Based on the results of this study, the MGHfC developed new formal guidelines for resident/supervisor communications that were put in place for the current academic year. The ‘Guidelines for Requiring Supervisory Physician Involvement’ are available on the MGHfC website and will be reviewed on a biennial basis. Future studies should evaluate how these guidelines improve resident supervision and ultimately patient outcomes, the authors note. MGHfC physician Dr Lindsay Carter is also a co-author of the Journal of Paediatrics study.
The following guidelines have been developed to make explicit the conditions under which involvement of the supervisory physician should always be requested.
Guidelines for Requiring Supervisory Physician Involvement
Interns will, at all times, have an in-house supervisory resident, fellow or attending available to call for assistance and supervision. Junior and senior residents will have a fellow immediately available in the PICU (Paediatric Intensive Care Unit) and an attending immediately available in the NICUs (Neonatal Intensive Care Units). Elsewhere, they will have an attending available for phone consultation for assistance who is available to evaluate a patient in person as needed.

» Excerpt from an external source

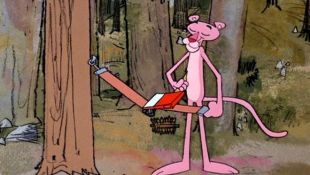 The Pink Panther Show : Pink is a Many Splintered Thing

The following are explicit conditions when an attending should be contacted immediately. In addition, residents should always contact a supervising physician if they have a question or when they are uncomfortable or uncertain about patient care.
Specifically, the attending must be notified in the following cases:
1. Unexpected deterioration in a patient’s clinical status
b) Rapid response calls / Codes
c) Transfer to a higher level of care (e.g. ICU) or to another care facility
d) Haemodynamic instability or unexpected new/increased O2 requirement
e) New fever > 101 in an immunocompromised patient
f) New neurological or psychiatric development (e.g. change in mental status, CVA, new seizure)

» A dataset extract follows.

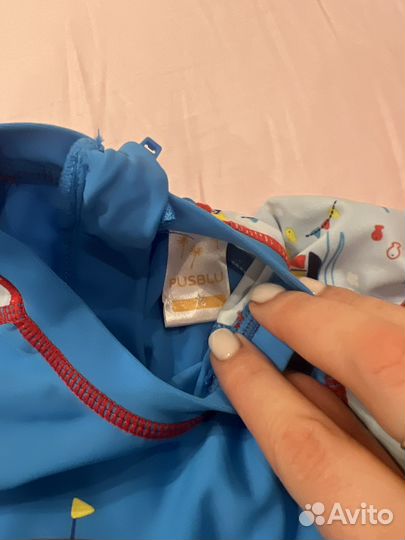 Купальный костюм для мальчика 74-80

g) Bleeding: haemoptysis, new GI bleed (Gastrointestinal bleed)
2. Abnormal/Critical lab with potential clinical significance (e.g. positive blood culture, rising creatinine)
3. Consulting another service
4. Drug reaction or medication error resulting in patient harm or requiring intervention or increased level of monitoring
5. Inability to deescalate a social situation (angry patient/family member, patient or family leaving AMA (against medical advice) or requesting transfer to another facility)

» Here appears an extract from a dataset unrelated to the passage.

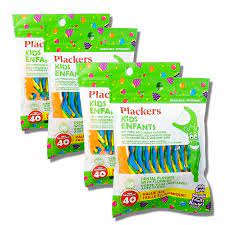 plackers kids mixed berry dental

6. Nursing Concerns – if the nurse caring for the patient feels the supervisory attending or fellow should be contacted
7. Patient or family requests to speak to attending
8. Performance of a procedure/radiology
a) Need for invasive procedure (e.g. lumbar puncture)
b) Ordering an MRI or CT
9. Unexpected pain or inability to control pain
10. Unreasonable difficulty in obtaining a time-sensitive procedure or radiological intervention
A supervisory resident and chief resident must be notified in case of fatigue:
If a resident feels fatigue, patient volume, acuity or overwork compromises his/her capacity to give appropriate care to patients, the supervisory resident (in the case of interns) and chief resident on call (in all cases) should be called immediately to arrange for backup coverage.